Is that what the movie said? Because every other source I’ve ever seen about Fred Trump Jr.'s death said he died of a heart attack as a complication of alcoholism.
No, it didn’t, and come to think of it, I may have been conflating this with something else I’d heard about. By all accounts, Fred Jr did die of the effects of alcoholism, but also of the effects of neglect by his family. In one scene in the movie, Fred Jr comes to Trump’s home looking destitute and seeking help and temporary accommodation. Trump refuses to admit him, gives him some money, and tells him to go to a hotel. Whether or not that scene was literally true, it’s certainly symbolic of how Trump treats even those who are closest to him.
If you’d read a political novel in 2014, with the names changed but otherwise describing everything that’s actually happened in the past decade, you’d throw it away in disgust as unrealistic crap.
Had to laugh when I ran across this: “Bohemian Trumpsody.” I’ve never heard of the “Marsh Family” before, but they can sing, and the parody lyrics are bang on:
I agree – the whole family are good singers, and someone in the family sure knows how to write lyrics, too! Thanks for posting!
My contribution here is a few bits from John Oliver’s show last night. He talks about Trump’s various scam businesses, and how a Trump presidency would put him in a position to hugely leverage them, notably Truth Social and the new cryptocurrency scam.
But the thing that also struck me, besides the usual corruption that permeates everything Trump does, is the usual story about the company he keeps (“nothing but the best”). One might note that around half of his previous associates are now convicted felons who are, or have been, in prison, and his lawyers (“the best lawyers”) tend to get sued and disbarred.
This excellent track record of partnering with such distinguished individuals continued with Truth Social (which we mostly know all about), the NFT scam, and the new cryptocurrency scam.
The NFT scam was invented by Bill Zanker, who co-wrote Trump’s recent book “Think Big and Kick Ass” (I imagine, in fact, wrote all of it). His claim to fame was founding the adult education company “The Learning Annex”, which educated adults on such intellectual topics as “How to Flirt”, “How to Cheat on Your Spouse”, and “How to Talk to Your Cat” (which knowledge Oliver opines will most likely need to be deployed in exactly that order!).
Then there’s the new up-and-coming cryptocurrency scam, which has a lofty name consisting of three random MAGA-sounding words thrown together “World Liberty Financial”. Trump’s partners for this venture are the following two distinguished financiers.
First, we have Chase Herro, the self-styled “dirtbag of the internet” whose background included selling weight-loss “colon cleanses” and running a $149-a-month “get rich quick” scam.

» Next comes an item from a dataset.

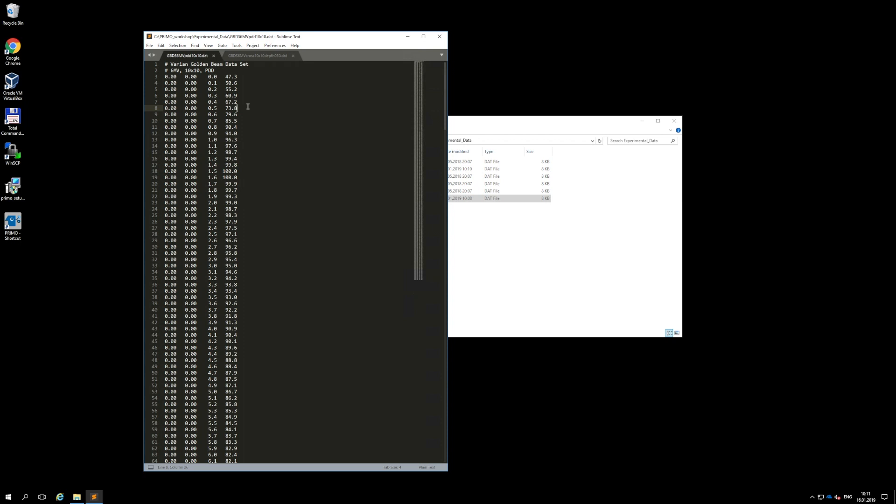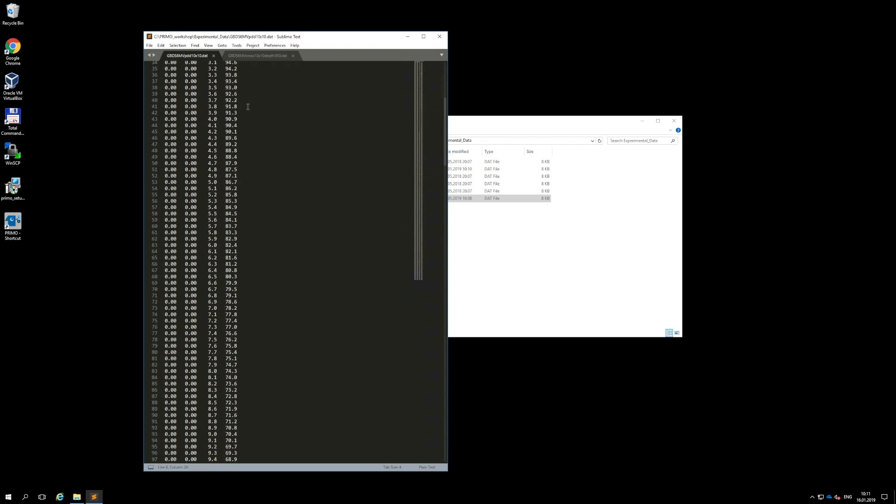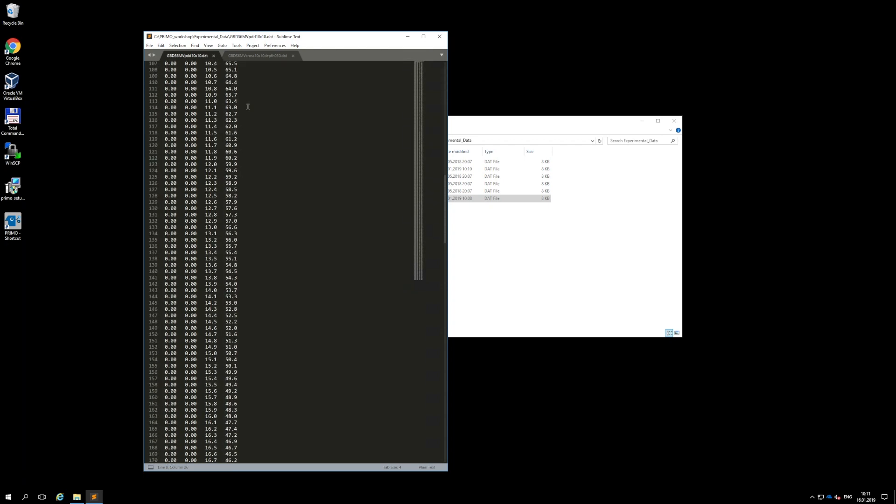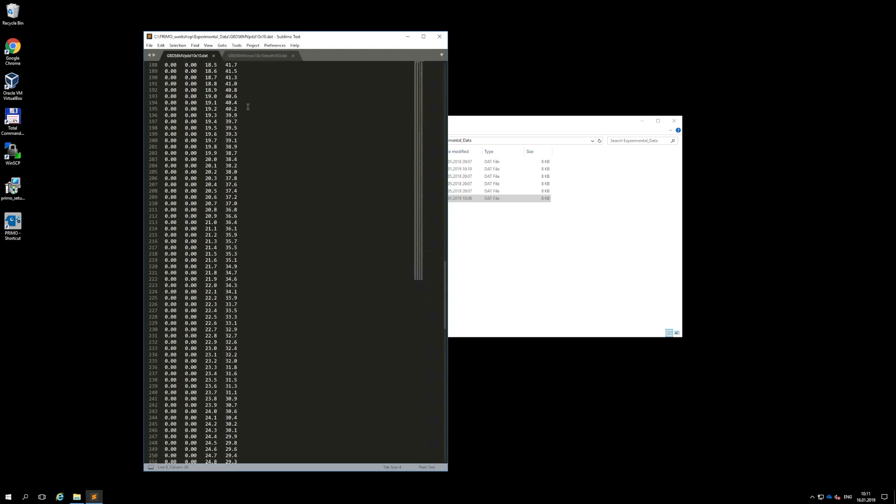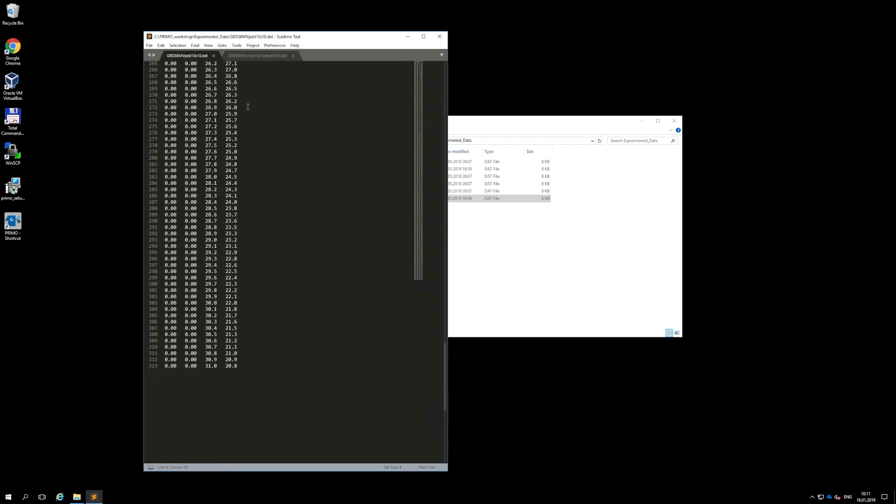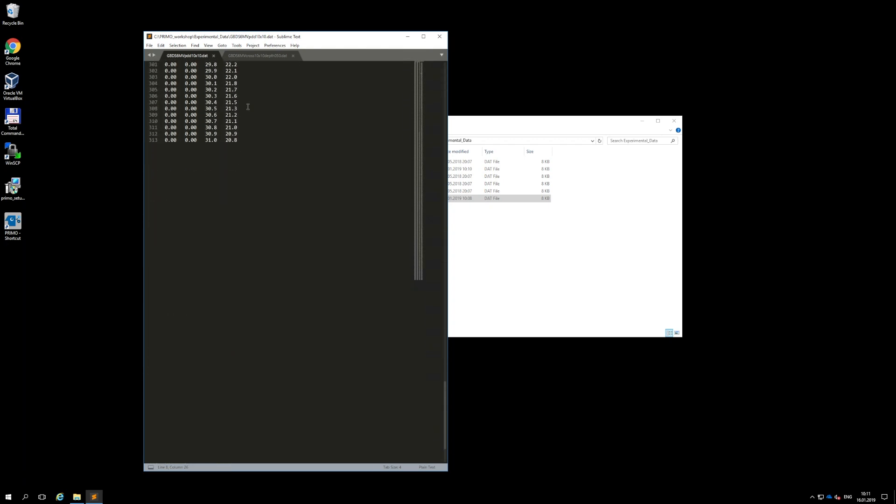Each line ends with a carriage return. The file shown on the screen corresponds to a centered depth-dose distribution. This is evident from the fact that x and y columns are 0, while the values from the z column increase from 0 up to 31 centimeters.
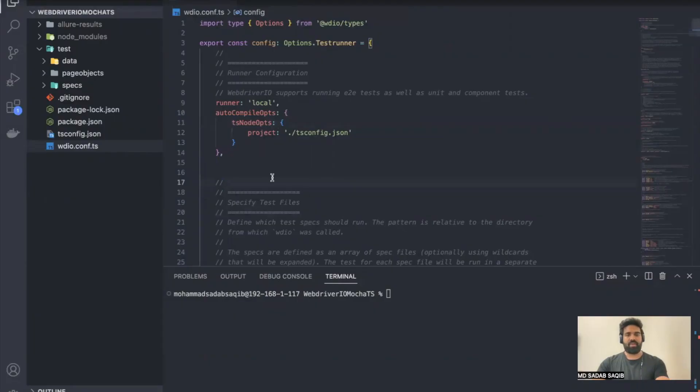Hey everyone, welcome back. In this WebdriverIO playlist we've seen different test cases — handling calendar, handling dropdowns, and some sample test cases. We were running those tests in Chrome, but there might be a requirement where you have to run these tests in different browsers as well. WebdriverIO has the capability to run in different browsers, so in this video let's explore what options we have and what configurations we need to do.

Then we have Zak Folkman, who used to run a service called “Date Hotter Girls”, which was all about “how to take girls home and bang ‘em” (I stress that these are his words, not mine). He’s published videos on how to lure girls to your apartment and engage in said banging.
These are Trump’s latest business associates. While both of his cryptocurrency co-founders make one despair for the future of the human race, Zak is especially loathsome because he makes me embarrassed to be a male.
Well, don’t forget that Trump himself is a convicted (though not yet sentenced) felon. Which, in my opinion, hasn’t been stressed enough during this campaign.